Isar Valley is an unofficial name for the Munich Region as a hub for IT, microelectronics, and high technology. The name was inspired by Silicon Valley in California, the most important location for the IT industry worldwide. The greater Munich area is one of the most important locations for the ITC industry in Germany. At the end of 2010, there were over 29,000 companies in the IT sector there, with a total of over 230,000 employee. According to the Technical University of Munich, the region is Germany's most important IT location. A study by the European Commission identified the Munich area as the leading IT location in Europe in 2014.

== History ==
Siemens, based in Munich since 1949, entered the computer and semiconductor industry in the 1950s, developing the Siemens 2002 computer, for example. In 1962, the Leibniz Computing Center was founded in Munich, followed in 1971 by the company Softlab, which later became important (but no longer exists today).
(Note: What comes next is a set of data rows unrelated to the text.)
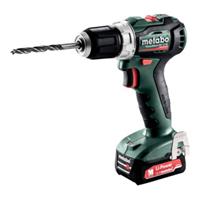 Metabo Akku-Bohrschrauber PowerMaxx BS 12 BL Kunststoffkoffer 12V 2x2Ah Li-Ion + SC 30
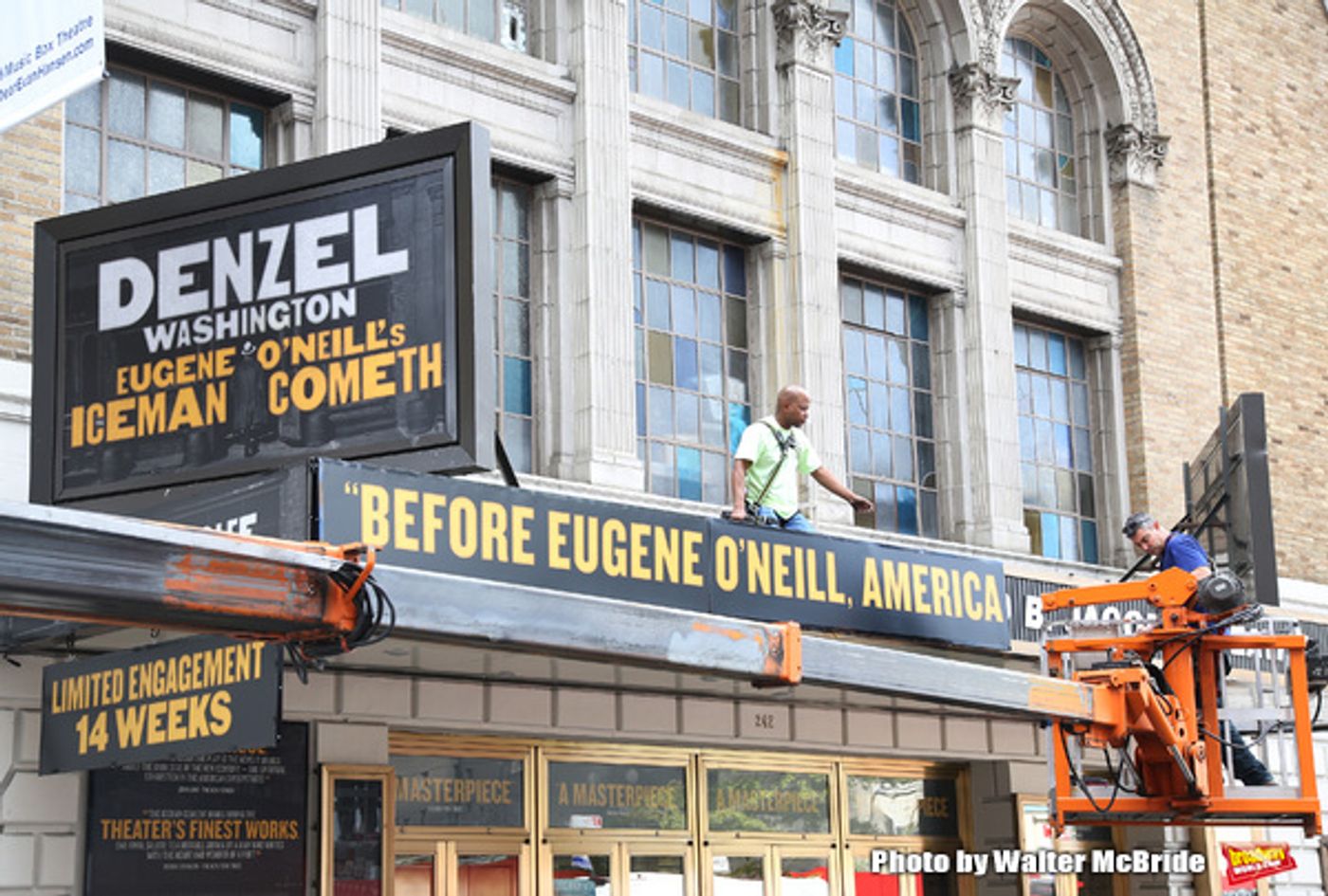 Up on the Marquee: THE ICEMAN COMETH with Denzel Washington  Image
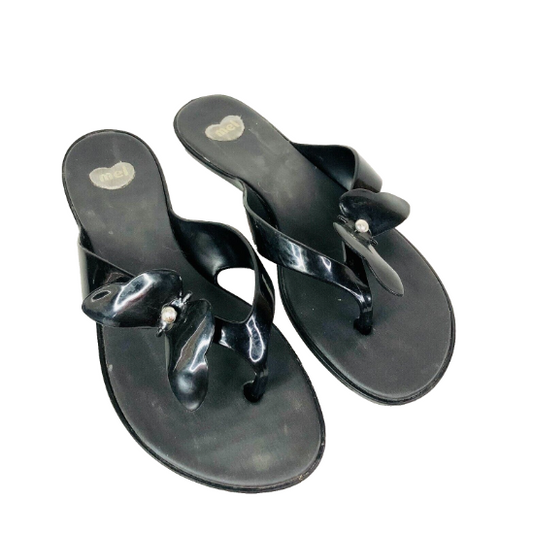 Melissa Mel Black Butterfly Thong Flip Flop Sandals UK 3 (35/36)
Companies such as Infineon and Gigaset were spun off from Siemens. Fujitsu Technology Solutions also emerged from the former joint venture Fujitsu Siemens Computers. Since the 1990s in particular, the region has increasingly developed into a globally important location for the IT industry as part of the High-Tech Offensive Bavaria, benefiting from numerous support programs and settlement initiatives under the staten government of Edmund Stoiber. In addition, the Munich area is home to three major universities, namely LMU Munich, Technical University of Munich, and Munich University of Applied Sciences, and consequently has a high number of qualified graduates.
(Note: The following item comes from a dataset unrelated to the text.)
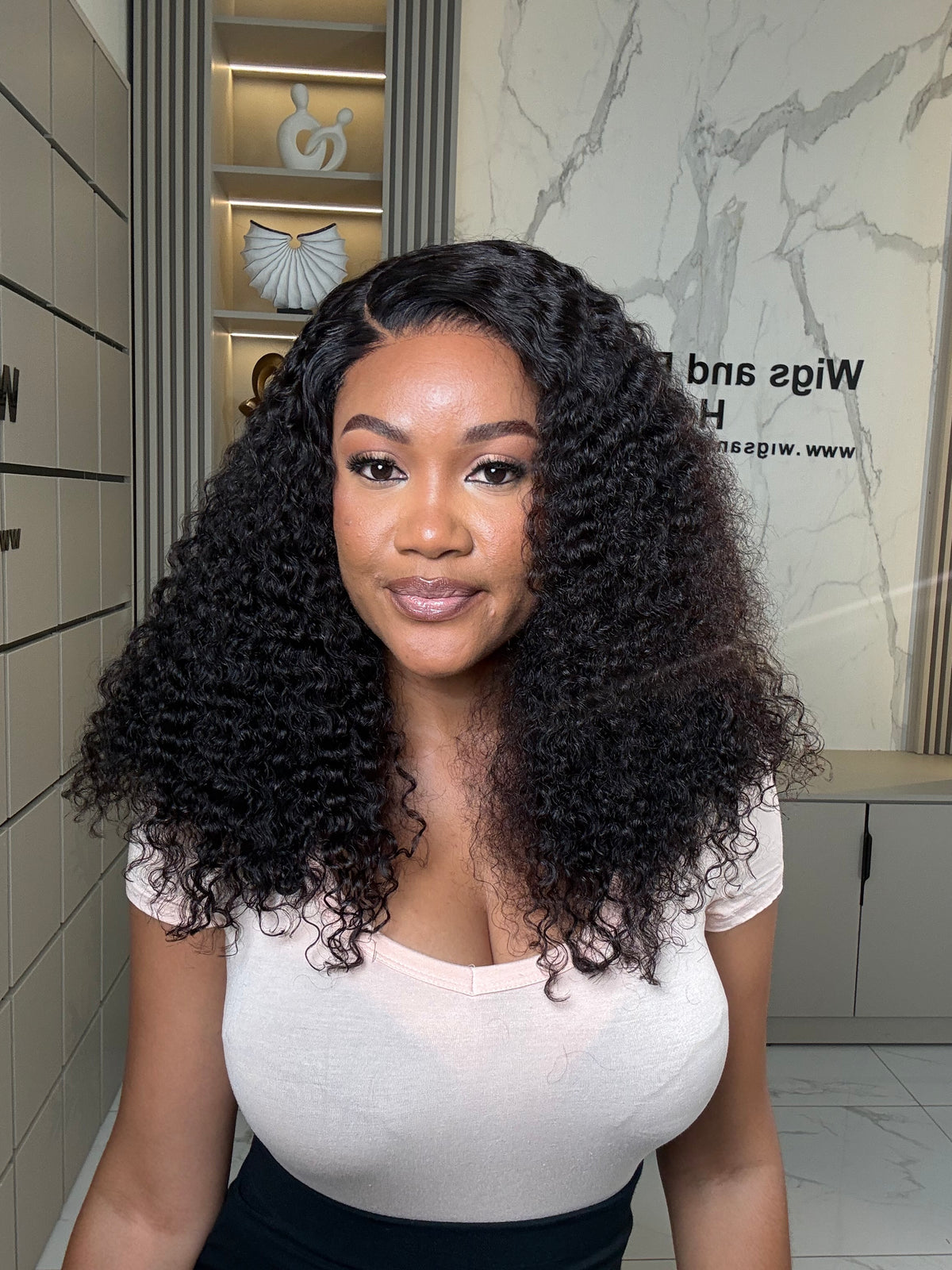Butter Jerry Curls In Closure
A study from 2001 ranked the “Isar Valley” as the fourth most important IT location worldwide, after Silicon Valley, the Greater Boston area, and on par with Tel Aviv (Silicon Wadi). Munich has since maintained its status as one of the world's leading IT locations. In 2012, Munich was also home to the most powerful supercomputer in Europe, the SuperMUC. With over 3,000 patent applications (2020), Munich is the German city with the most patents and Bavaria the leading region in Europe.
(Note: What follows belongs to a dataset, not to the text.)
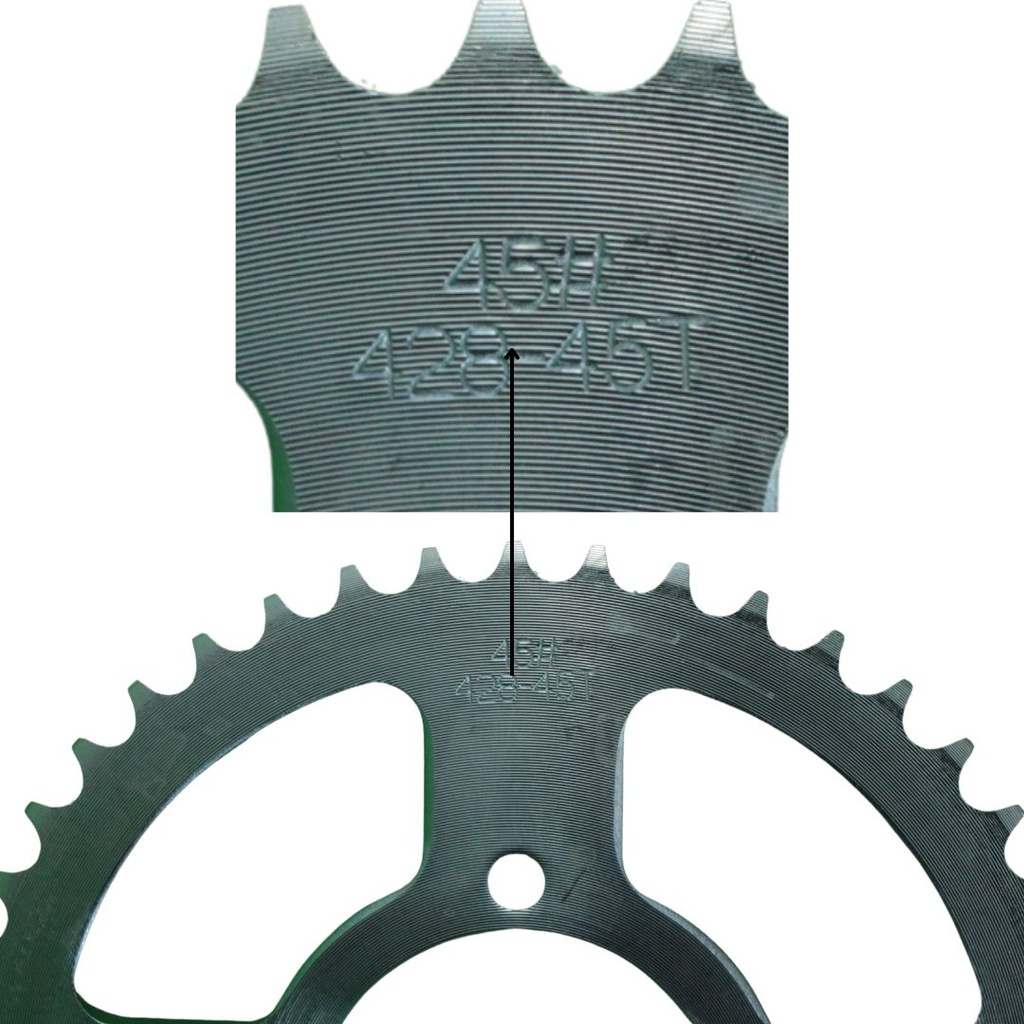 Engrane Traccion Trasero Acero #1045 45t Italika 170z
In 2019, the high-tech offensive continued with the High-Tech Agenda Bavaria, which supports future technologies and research with billions in government funding. To this end, 13,000 additional university places and 3,800 new jobs in science and research are to be created, and around 1,000 new professorships established at Bavarian universities, particularly in key areas such as artificial intelligence (AI), clean tech, and aerospace.

Munich also has one of the leading start-up ecosystems in Europe. In 2024, Bavaria even surpassed the German capital Berlin in terms of venture capital raised (2.3 billion Euro).

== Companies ==
The following companies have their headquarters in or near Munich:

- Allgeier SE
- ADVA Optical Networking
- Allianz Technology
- Absolut Radio
- ASM Assembly Systems
- Atoss
- Atradius
- BMW
- Brainlab
- Cancom
- Caixabank
- Celemony Software
- Centrosolar Group
- Check24
- EOS
- Electrola
- ESL Aequitas
- Eurohypo
- Fitch Ratings
- TDK Electronics
- ESG
- Fujitsu Technology Solutions
- Giesecke & Devrient
- Gutefrage.net
- IABG
- IBM Watson Center
- Infineon
- NTT Security
- Lantiq
- msg systems
- MorphoSys
- Munich Re
- Mutares
- MTU Aero Engines
- Nemetschek
- NorCom
- Noventi
- Protectas Group
- Rohde & Schwarz
- SES Platform Services
- SHS VIVEON
- Siemens
- Siltronic
- Scout24 Holding
- Softing
- Süss Microtec
- Telefónica Germany
- Travian Games
- Transdev Rail
- TÜV Süd
- TQ-Systems
- Unify
- YKK Fasteners

In addition, Munich is home to numerous other branches of internationally active IT and high-tech companies, such as the German headquarters of Acronis, Adobe, Airbus, Amazon Web Services, AMD, Apple, ASML, Atos, Cadence, Cisco Systems, Google, Hitachi, Hewlett Packard, IBM, Intel, Klarna, McAfee, Microchip Technology, Microsoft, Nokia Solutions and Networks, NTT Data, Oracle, Realtek, Samsung Group, T-Systems and VMware.